Here I have a real human brain. It’s a brain that was donated to us here at the medical school at the University of Oxford to help us teach our medical students. And it’s quite awesome and more than just a little sad to think that in this organ, more than perhaps anywhere else, a person once lived. In fact, you could put it more

strongly than this. You could say a person was once alive because this brain was once able to do what brains do. Perhaps we should just spend a moment to imagine what a day in the life of this brain would have been like. The brain would have, one morning, found itself in bed and the thalamus would have broken out of the brain’s sleep rhythm. The person would have woken up, he would have opened his eyes. As he was opening his eyes, lots of nerve impulses would have fluttered into the optic nerve, would’ve traveled towards the back of the brain where the nerve cells living in the occipital cortex would have formed images on the retina. These retinal images would have then been sent down to the temporal lobes. The inferior temporal lobes have cells that recognize faces. They would have recognized the person’s wife sleeping next to him. His Broca’s area would have formulated and articulated the greeting to the wife, “Good morning, Darling.” His temporal lobes would have listened out for a reply. The wife would have said, “Go and make some coffee.” The motor cortexes together with the basal ganglia underneath would have started off this motor program.
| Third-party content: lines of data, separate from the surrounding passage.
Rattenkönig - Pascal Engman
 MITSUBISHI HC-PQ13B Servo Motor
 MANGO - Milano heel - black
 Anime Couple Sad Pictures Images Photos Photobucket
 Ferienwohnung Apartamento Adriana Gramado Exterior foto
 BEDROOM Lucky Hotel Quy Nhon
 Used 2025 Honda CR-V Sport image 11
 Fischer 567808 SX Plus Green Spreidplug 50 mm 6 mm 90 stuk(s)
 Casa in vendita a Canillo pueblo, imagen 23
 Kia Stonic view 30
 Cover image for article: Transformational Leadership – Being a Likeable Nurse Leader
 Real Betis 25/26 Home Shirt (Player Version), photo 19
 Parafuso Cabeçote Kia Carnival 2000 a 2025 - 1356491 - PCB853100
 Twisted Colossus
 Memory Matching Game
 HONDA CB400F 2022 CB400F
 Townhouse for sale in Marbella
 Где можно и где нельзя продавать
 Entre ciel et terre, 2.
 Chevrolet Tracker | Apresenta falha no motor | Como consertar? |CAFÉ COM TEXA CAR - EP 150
The man would have got up, and walked down the stairs to the kitchen in a well-rehearsed motor pattern which runs on autopilot because the cerebellum would have rehearsed these actions so many times that he doesn’t even have to think about them anymore. The auto pilot basically runs out of the cerebellum. He goes into the kitchen, he puts the kettle on, he brews the coffee. The olfactory bulbs which bring information in from the nose would have smelled the coffee. The orbital frontal cortex would have thought about whether or not he found breakfast delicious. And during all this time, his prefontal cortex would have worried about getting the children off on time to the school run. Each of these parts of the brain would have contributed something their own thing to the person’s experience and this morning. But while each of them has their own role to play, they work together in such an intricately interconnected manner that if you live inside of one of those brains, you have this impression of being just a single person rather than a collection of organs that is distributed across this brain.